The Appalachian Trail is the other major footpath through this section of the state. Stretching from Georgia to Maine, the trail is known more for hiking, and its singletrack nature means that it’s best for those comfortable with technical trail running. You’ll also discover, as thru-hikers will surely tell you, that it features a lot of climbing. Be prepared to work, but you are rewarded with some stunning views.
The nearly 58-mile long New River Trail is another former train line that’s been turned into a spectacular running path. New River State Park is a linear park that parallels the New River, passing through four counties in Southwest Virginia and the town of Galax. Along the way you’ll pass through two major tunnels (135 and 193 feet long), three major bridges, and more than 30 smaller bridges and trestles. The route is mostly flat and tree-tree covered, making it an excellent option in the warm summer months and a must-do in the fall.
At Breaks Interstate Park, which straddles the Virginia and Kentucky border, you’ll find more than 25 miles of trails to explore in this relatively remote section of the state. Here you’ll find what’s been dubbed the “Grand Canyon of the South,” a quarter-mile deep, five-mile-long chasm in Pine Mountain that was carved by the Russell Fork of the Big Sandy River. It’s the deepest gorge east of the Mississippi River, and it’s just one of the natural wonders that make the 4,600-acre park worth exploring. A trip to the Breaks could also include camping, fishing, and whitewater paddling.
Like sticking to the roads? Consider one of Southwest Virginia’s more unique geographic formations: Burke’s Garden. From far above, this section of Tazewell County looks like a meteor crater—a large indentation surrounded by mountains. In reality, it’s a bowl-like cove that developed due to the collapse of limestone caverns ages ago. From the ground, what you’ll see is lush farmland (often compared to New Zealand) surrounded by scenic mountains. There is only one way in and out of the valley, so you get very little traffic. In fact, you’re probably as likely to see a horse and buggy as a car. The circular road creates about a 12 mile loop in the valley, which is a great way to see it. You can also access the Appalachian Trail from Burke’s Garden—but it is a steep climb up to the ridgeline.
Nothing brings runners together more than races, and Southwest Virginia has several options to put your skills to the test. The Virginia Creeper Marathon is typical of races in the area, which tend to be small, low-cost community events that reflect the region’s character. The Virginia Creeper Marathon, which is limited to 100 participants each spring, starts in Abingdon and is run mostly on the Virginia Creeper Trail.
The Varmint Half Marathon and 5K in June is a good excuse to check out Burke’s Garden. The 200-person includes a half-marathon that completes the loop through the valley.
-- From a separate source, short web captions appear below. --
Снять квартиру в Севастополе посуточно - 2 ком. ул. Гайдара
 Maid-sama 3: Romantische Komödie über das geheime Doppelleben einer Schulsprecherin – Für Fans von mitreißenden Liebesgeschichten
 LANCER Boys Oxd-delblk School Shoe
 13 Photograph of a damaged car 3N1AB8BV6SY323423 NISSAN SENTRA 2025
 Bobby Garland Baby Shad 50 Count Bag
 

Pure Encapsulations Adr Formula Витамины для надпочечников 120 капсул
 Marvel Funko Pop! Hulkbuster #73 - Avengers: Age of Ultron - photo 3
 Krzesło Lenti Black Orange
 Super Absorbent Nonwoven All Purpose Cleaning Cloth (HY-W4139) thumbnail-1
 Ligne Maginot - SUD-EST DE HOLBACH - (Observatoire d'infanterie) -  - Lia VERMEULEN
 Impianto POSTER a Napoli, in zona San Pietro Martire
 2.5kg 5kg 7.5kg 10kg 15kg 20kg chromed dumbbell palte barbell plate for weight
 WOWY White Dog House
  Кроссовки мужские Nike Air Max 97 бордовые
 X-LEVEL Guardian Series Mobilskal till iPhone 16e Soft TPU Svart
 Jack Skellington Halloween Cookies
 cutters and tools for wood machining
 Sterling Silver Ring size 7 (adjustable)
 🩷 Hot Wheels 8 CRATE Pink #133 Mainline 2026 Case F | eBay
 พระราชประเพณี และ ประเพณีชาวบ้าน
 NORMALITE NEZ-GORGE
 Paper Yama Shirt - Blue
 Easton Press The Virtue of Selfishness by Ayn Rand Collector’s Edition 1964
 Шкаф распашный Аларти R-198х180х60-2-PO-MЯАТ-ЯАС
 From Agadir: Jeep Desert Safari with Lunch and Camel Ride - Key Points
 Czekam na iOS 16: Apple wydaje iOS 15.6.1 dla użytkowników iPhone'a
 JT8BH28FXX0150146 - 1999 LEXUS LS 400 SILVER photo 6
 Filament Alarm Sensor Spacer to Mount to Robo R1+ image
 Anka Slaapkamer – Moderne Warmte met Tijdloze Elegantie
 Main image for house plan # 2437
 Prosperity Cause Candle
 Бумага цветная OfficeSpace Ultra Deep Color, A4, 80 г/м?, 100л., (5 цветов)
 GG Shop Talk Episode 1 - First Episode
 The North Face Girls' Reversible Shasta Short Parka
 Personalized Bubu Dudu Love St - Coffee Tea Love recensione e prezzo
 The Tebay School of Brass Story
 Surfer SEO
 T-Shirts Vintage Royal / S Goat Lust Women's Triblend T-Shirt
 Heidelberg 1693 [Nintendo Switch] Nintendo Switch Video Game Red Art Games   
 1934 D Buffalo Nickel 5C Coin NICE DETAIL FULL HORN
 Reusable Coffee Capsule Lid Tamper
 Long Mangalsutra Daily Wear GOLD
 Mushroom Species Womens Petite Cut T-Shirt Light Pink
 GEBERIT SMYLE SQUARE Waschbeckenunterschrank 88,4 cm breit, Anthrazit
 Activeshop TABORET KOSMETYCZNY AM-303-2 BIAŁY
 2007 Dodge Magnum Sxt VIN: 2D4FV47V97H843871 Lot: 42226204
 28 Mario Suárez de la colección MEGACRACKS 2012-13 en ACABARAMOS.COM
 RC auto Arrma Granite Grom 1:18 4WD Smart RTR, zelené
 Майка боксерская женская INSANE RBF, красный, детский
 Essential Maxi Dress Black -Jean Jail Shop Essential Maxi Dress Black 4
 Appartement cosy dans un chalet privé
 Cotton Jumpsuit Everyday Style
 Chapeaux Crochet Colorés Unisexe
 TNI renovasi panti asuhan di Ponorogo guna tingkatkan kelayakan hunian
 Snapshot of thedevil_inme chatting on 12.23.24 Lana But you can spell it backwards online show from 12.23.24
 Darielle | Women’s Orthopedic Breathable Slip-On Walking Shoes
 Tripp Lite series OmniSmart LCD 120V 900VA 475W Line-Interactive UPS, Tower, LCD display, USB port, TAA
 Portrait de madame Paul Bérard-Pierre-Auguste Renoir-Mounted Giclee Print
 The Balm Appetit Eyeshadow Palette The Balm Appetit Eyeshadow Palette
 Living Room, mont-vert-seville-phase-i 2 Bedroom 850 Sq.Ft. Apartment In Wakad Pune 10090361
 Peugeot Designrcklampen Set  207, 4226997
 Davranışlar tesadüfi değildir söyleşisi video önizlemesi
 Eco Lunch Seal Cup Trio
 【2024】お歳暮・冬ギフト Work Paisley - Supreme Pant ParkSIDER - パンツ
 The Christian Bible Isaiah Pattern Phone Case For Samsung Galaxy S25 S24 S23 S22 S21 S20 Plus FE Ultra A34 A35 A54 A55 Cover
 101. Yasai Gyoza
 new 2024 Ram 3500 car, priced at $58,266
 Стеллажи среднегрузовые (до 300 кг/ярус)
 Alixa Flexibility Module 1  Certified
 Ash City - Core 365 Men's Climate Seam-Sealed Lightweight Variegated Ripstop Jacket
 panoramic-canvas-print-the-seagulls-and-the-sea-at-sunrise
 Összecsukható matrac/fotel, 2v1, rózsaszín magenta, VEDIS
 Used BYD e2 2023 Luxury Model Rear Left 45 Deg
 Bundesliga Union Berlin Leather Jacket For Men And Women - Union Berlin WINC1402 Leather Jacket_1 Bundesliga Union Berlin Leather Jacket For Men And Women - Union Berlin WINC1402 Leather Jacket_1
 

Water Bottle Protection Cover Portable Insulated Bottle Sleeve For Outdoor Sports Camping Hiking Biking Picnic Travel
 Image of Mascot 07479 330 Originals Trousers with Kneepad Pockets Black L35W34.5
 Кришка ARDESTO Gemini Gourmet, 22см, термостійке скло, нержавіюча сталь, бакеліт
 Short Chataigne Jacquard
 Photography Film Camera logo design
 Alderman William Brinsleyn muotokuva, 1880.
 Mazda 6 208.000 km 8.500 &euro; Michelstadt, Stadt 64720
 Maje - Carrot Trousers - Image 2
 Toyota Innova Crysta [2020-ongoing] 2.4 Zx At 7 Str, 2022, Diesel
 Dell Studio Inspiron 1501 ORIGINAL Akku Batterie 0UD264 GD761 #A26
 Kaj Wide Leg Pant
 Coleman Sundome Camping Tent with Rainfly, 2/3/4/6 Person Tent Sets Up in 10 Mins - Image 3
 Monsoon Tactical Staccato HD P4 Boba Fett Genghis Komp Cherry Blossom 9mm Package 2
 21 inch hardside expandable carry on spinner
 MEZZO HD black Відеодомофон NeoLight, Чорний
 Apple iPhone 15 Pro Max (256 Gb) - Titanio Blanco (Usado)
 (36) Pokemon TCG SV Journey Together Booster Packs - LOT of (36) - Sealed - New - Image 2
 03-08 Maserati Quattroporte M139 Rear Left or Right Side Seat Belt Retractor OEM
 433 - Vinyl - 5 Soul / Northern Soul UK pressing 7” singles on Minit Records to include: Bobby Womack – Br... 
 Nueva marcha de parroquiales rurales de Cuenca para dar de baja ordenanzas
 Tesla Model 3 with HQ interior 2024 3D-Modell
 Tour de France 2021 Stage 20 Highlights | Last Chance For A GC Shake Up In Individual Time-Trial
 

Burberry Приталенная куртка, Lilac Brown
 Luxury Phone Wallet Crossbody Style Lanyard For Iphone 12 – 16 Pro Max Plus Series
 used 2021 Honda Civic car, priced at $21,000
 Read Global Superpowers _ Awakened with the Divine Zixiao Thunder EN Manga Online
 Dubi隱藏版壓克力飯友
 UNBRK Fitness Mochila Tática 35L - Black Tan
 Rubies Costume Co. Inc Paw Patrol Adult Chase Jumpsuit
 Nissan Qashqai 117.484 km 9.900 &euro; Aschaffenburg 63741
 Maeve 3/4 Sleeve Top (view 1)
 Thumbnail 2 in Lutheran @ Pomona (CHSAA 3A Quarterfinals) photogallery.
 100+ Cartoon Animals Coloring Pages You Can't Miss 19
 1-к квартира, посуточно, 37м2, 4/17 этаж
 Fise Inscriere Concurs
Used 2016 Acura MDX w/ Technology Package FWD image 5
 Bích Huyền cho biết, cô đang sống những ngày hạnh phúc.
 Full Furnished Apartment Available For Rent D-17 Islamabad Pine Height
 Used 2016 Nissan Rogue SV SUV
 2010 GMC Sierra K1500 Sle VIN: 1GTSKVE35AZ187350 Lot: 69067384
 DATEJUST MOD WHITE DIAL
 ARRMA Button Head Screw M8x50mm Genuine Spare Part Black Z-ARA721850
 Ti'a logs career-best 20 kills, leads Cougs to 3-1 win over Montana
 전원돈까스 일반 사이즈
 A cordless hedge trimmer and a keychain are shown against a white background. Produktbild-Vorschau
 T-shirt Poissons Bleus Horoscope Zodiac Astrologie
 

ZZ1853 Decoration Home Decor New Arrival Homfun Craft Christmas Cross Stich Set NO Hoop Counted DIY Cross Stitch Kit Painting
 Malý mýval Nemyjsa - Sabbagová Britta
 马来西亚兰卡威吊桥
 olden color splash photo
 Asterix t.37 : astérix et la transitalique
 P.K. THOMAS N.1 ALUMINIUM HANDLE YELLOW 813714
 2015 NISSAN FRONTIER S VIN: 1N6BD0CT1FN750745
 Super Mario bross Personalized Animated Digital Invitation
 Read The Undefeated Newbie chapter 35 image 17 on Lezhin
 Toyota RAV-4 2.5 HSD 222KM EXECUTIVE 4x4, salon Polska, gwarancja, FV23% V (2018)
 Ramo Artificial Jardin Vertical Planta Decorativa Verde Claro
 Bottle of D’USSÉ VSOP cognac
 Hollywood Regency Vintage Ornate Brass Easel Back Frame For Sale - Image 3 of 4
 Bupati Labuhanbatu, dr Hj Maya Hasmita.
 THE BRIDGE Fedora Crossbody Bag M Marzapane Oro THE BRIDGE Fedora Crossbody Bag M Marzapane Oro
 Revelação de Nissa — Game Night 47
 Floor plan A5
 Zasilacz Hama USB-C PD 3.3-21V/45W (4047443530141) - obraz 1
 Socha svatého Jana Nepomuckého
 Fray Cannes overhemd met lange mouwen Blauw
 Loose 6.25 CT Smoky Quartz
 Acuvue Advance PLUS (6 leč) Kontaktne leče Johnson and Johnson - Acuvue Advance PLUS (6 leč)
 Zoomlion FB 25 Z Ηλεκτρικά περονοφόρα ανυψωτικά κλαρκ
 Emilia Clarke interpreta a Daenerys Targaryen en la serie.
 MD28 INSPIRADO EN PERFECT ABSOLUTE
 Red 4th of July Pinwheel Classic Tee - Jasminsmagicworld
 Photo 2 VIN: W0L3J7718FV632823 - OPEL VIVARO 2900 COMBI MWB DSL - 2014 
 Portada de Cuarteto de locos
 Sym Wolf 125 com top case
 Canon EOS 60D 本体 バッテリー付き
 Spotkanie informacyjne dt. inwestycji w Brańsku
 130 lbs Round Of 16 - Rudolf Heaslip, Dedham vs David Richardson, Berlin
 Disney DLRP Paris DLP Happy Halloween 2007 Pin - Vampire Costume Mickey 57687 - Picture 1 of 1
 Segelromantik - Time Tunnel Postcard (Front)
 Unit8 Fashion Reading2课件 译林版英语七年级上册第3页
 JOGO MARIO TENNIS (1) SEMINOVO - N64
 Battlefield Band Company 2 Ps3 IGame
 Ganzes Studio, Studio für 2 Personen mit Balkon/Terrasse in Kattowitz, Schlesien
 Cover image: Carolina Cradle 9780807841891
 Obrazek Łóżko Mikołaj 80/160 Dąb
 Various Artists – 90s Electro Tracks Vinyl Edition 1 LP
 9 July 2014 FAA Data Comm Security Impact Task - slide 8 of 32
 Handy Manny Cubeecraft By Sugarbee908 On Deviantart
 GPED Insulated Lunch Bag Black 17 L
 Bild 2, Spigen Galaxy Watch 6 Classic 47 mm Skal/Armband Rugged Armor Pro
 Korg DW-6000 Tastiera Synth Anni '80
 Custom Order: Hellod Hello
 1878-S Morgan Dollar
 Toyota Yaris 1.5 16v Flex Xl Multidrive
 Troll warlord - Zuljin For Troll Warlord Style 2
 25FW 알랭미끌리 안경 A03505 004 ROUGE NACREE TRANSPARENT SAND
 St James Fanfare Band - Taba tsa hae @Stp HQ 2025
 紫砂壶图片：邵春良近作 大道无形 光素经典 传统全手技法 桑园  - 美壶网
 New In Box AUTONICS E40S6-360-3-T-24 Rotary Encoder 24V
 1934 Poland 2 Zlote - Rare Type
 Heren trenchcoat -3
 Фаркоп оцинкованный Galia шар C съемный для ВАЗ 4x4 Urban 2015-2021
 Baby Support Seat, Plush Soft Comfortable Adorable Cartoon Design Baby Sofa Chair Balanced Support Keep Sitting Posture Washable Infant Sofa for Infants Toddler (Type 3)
The High Knob Hellbender 10K is an extremely challenging race that starts in Norton, Virginia, and takes runners up a 2,000 foot climb over about six miles to the observation tower at the High Knob Recreation Area, where on a clear day you can see five states.
Smyth County, Virginia, hosts both a Color Run (a fun run where participants are doused with paint along the route) and Super Hero 5K, a more traditional road race, well, except you’re welcome to dress up as your favorite super hero. You’ll find many other community events, particularly in the spring and fall, in towns like Wytheville, Salem, Wise, and Tazewell.
But even if the timing doesn’t work out to find an organized events, runners won’t be disappointed with the Southwest Virginia offerings that they can find on their own.